Stored records:
'''
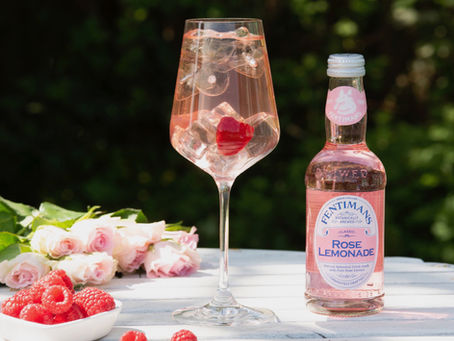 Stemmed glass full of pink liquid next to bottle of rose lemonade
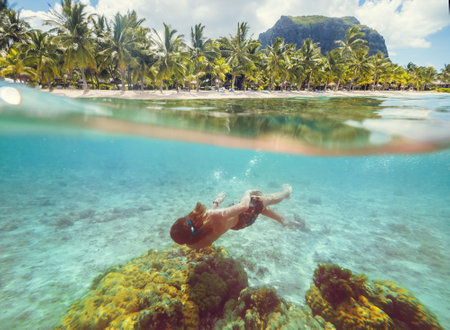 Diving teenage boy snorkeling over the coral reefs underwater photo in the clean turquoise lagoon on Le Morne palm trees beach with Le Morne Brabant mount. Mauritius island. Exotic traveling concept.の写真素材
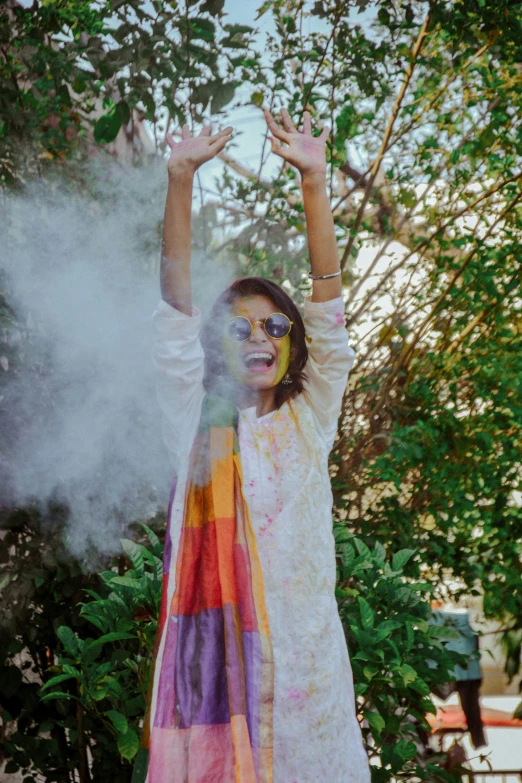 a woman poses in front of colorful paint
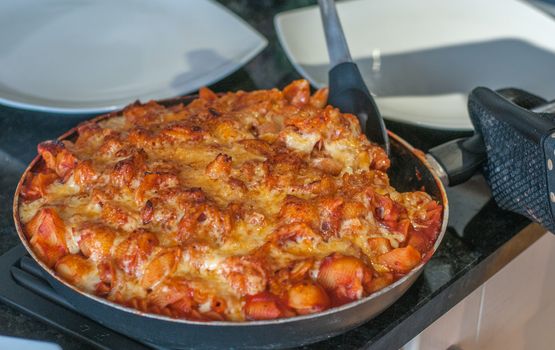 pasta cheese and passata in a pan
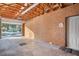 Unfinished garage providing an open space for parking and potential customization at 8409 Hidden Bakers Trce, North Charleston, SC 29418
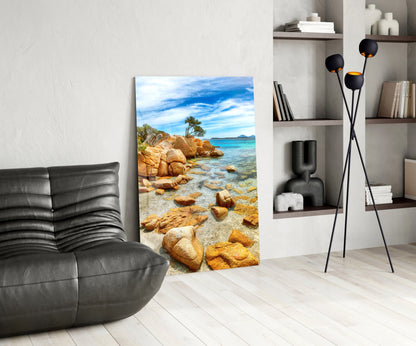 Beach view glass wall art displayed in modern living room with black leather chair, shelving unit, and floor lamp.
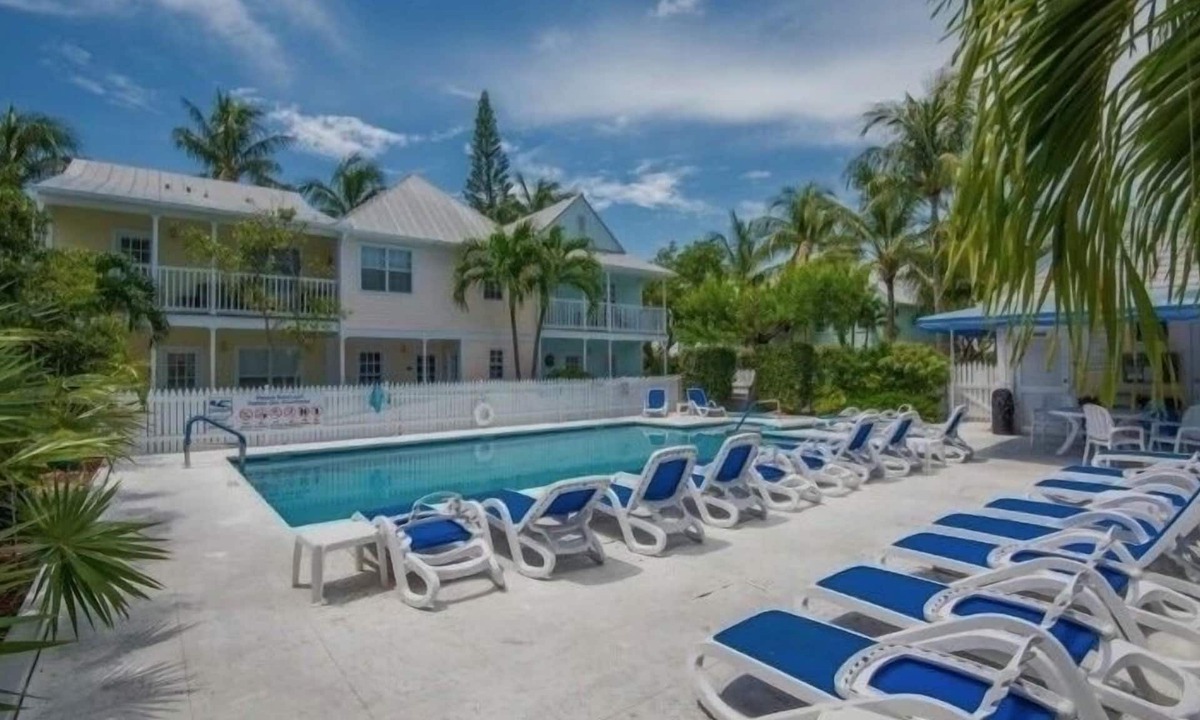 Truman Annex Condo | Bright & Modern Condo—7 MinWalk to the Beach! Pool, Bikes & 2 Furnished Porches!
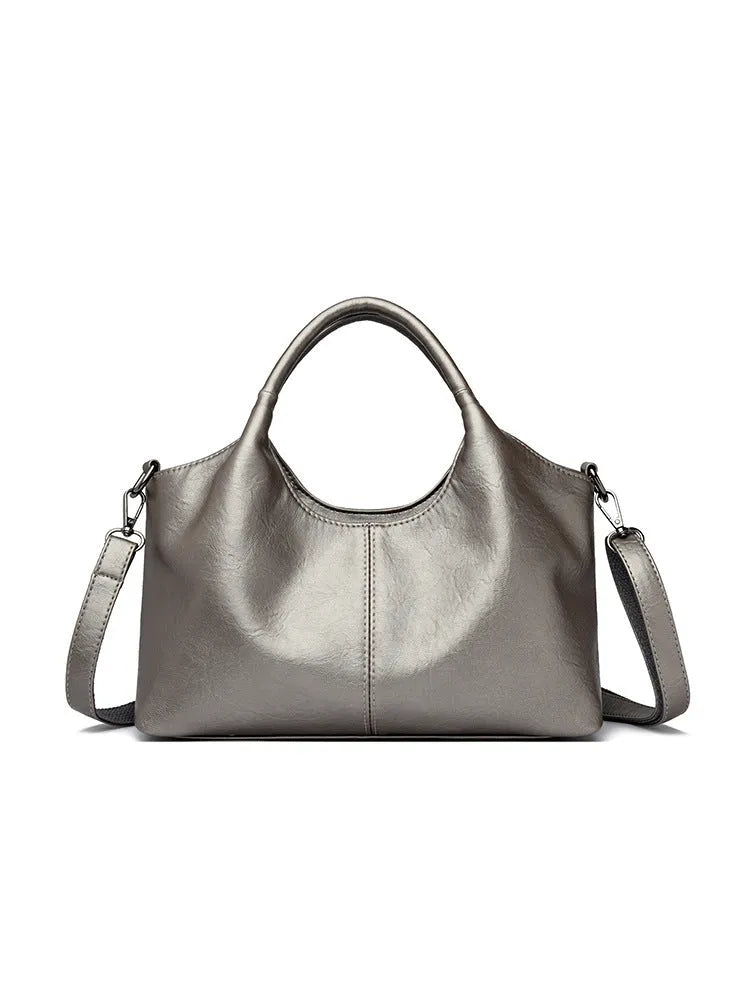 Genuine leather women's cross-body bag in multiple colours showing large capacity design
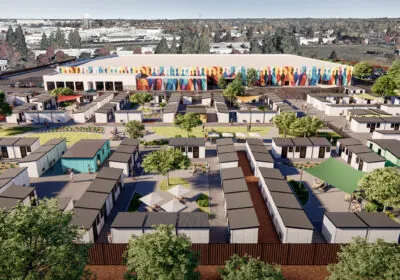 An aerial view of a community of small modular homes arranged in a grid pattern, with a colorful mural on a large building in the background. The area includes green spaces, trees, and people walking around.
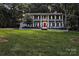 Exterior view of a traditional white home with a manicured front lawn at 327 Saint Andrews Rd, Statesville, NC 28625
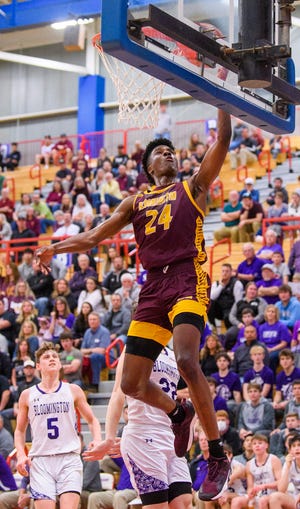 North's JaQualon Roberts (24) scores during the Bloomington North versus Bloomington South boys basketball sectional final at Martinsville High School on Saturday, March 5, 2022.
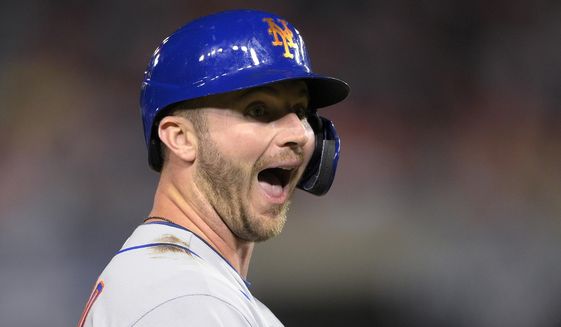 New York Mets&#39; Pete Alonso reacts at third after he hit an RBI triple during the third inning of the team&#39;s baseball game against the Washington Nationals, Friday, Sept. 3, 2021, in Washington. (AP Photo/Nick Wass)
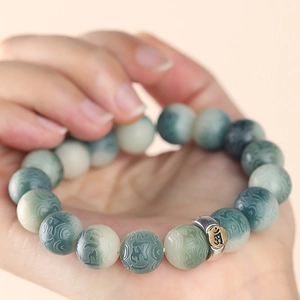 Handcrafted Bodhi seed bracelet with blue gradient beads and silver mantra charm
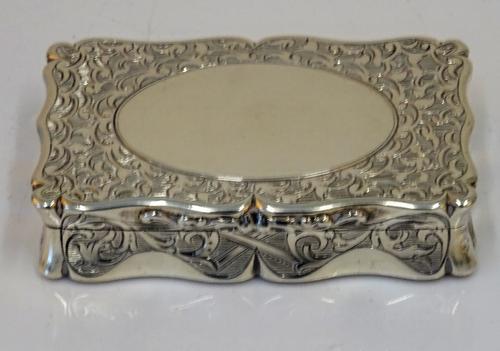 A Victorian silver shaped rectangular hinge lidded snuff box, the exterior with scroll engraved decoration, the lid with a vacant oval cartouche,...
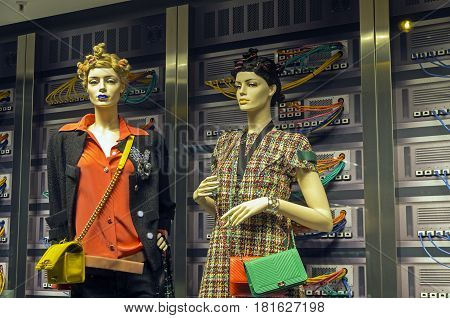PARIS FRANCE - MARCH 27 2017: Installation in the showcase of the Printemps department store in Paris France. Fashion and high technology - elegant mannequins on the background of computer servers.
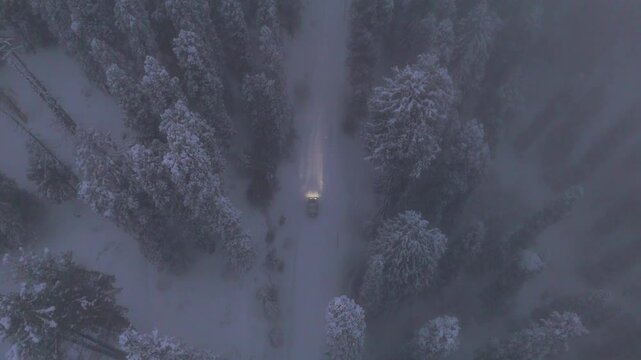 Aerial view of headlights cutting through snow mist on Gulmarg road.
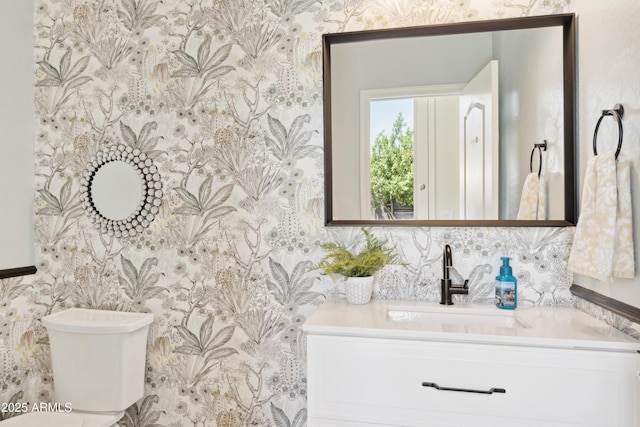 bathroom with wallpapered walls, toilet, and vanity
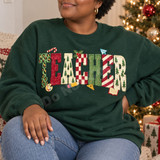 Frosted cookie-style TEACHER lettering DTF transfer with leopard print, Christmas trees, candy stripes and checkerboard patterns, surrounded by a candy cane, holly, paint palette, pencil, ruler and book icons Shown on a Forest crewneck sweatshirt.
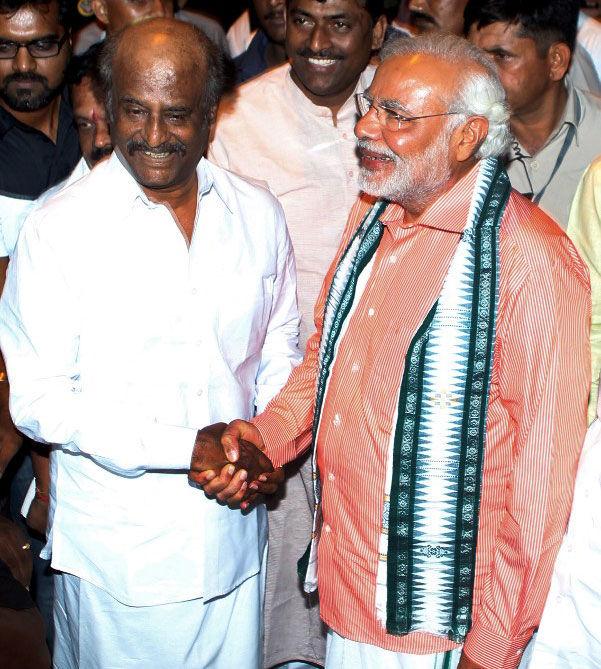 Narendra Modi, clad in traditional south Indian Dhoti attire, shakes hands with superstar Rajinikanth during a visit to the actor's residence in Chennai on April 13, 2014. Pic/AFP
'''
• [EXERCISE OBJECTIVE]: With the pictures omitted, copy the entries above exactly from the line containing "An aerial view" through the line containing "Exterior view of", both lines included.

• [RESULT BELOW]:
 An aerial view of a community of small modular homes arranged in a grid pattern, with a colorful mural on a large building in the background. The area includes green spaces, trees, and people walking around.
 Exterior view of a traditional white home with a manicured front lawn at 327 Saint Andrews Rd, Statesville, NC 28625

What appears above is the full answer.